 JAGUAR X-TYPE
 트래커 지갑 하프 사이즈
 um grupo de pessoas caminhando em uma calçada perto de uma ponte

...

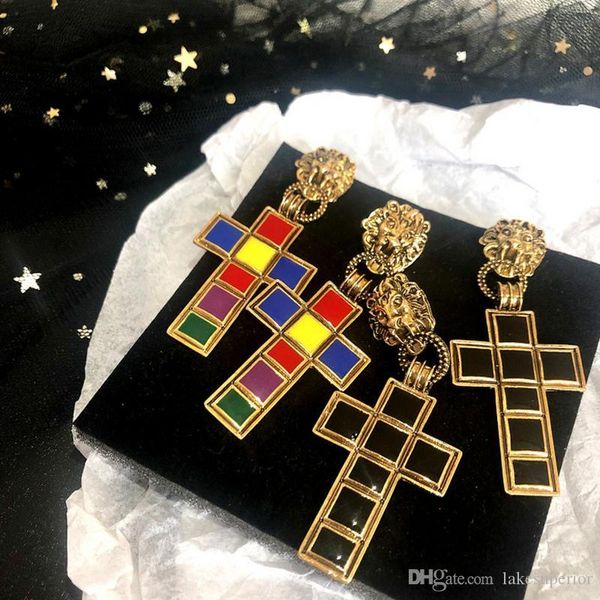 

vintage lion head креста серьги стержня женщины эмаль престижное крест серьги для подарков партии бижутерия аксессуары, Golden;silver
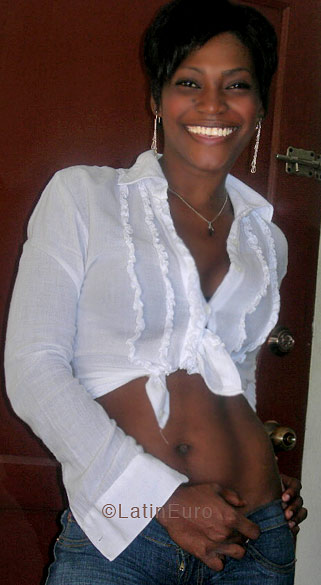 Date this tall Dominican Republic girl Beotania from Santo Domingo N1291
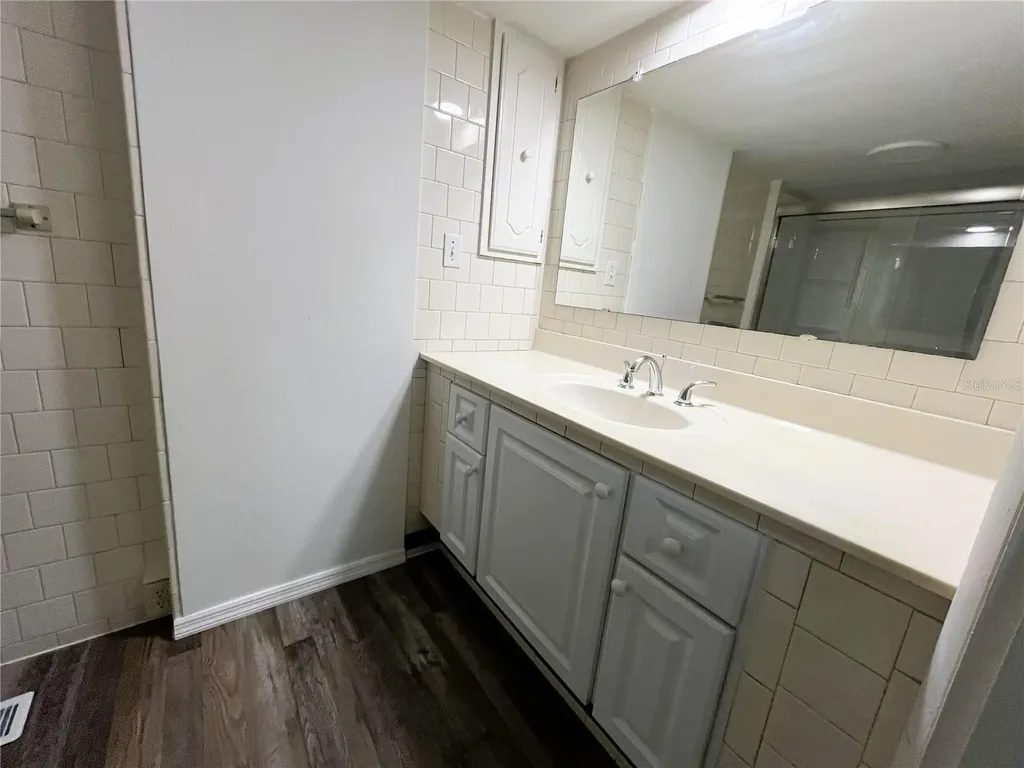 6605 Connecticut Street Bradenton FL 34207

---

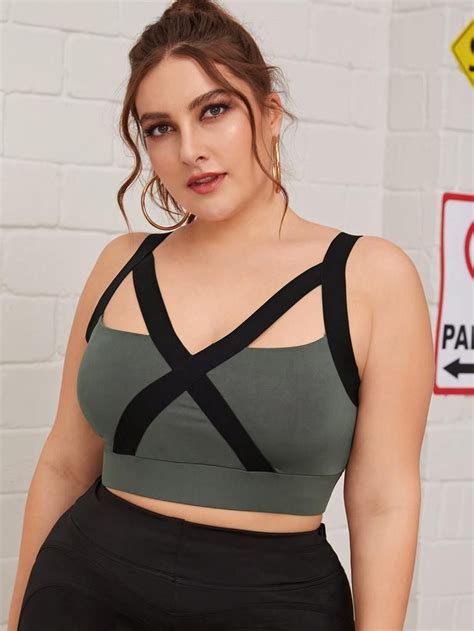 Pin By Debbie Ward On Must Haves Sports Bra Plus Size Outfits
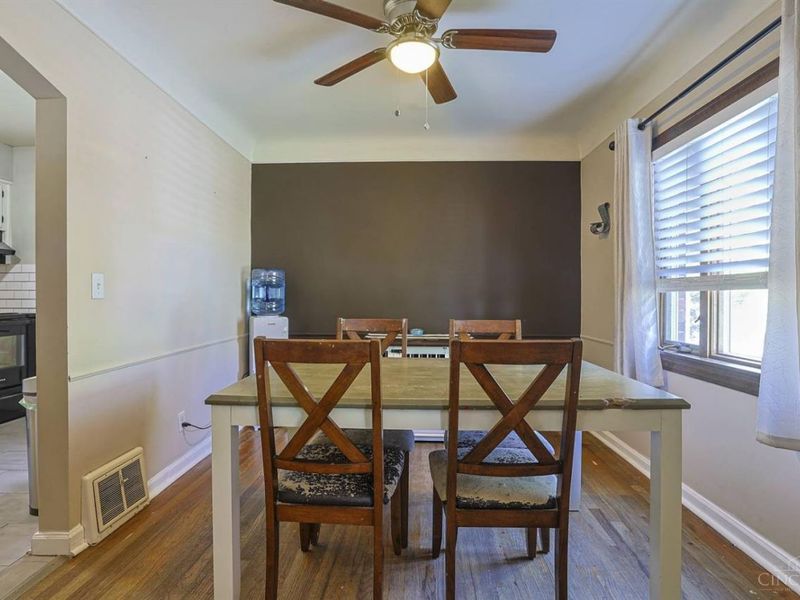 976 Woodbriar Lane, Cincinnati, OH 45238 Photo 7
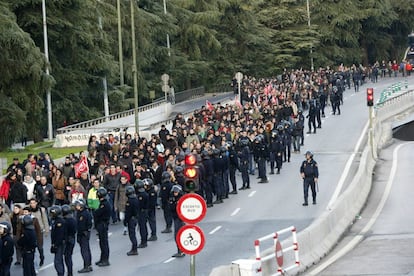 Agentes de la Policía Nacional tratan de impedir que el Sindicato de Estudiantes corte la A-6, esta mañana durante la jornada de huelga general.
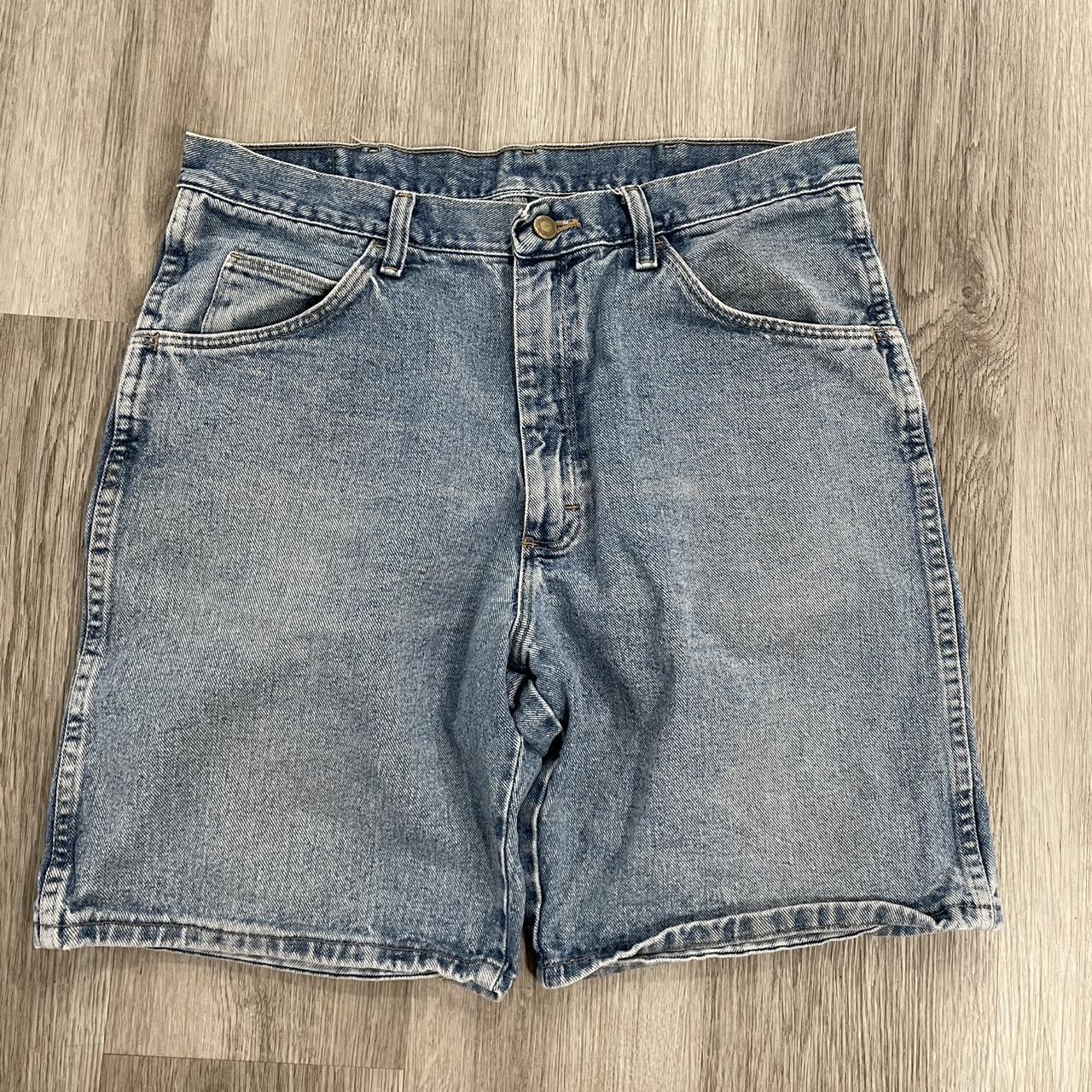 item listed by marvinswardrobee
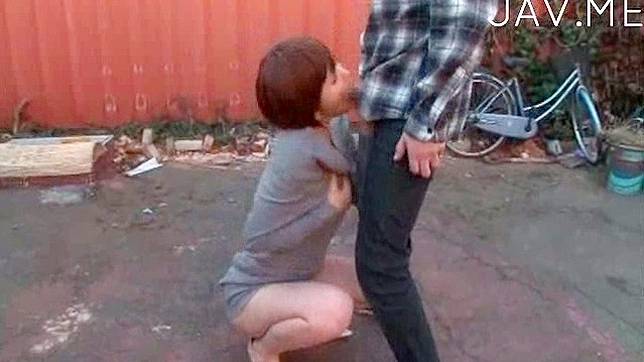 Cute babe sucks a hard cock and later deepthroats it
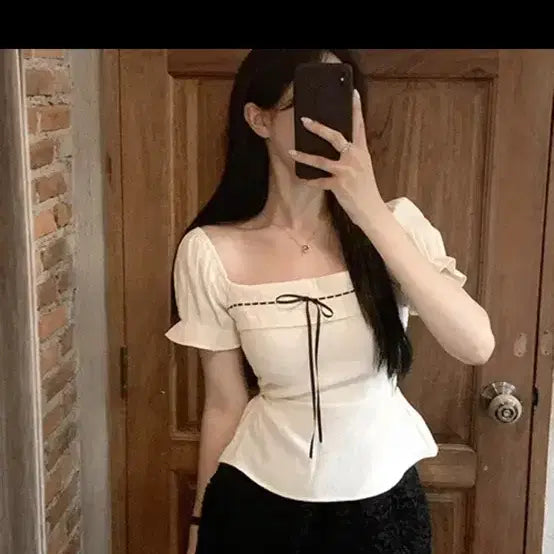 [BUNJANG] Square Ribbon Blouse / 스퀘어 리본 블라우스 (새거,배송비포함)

Activity » Reproduce the lines of the entries above from the one with "트래커 지갑 하프 사이즈" to the one with "um grupo de", both included, exactly and without any other line.

Written reply »
 트래커 지갑 하프 사이즈
 um grupo de pessoas caminhando em uma calçada perto de uma ponte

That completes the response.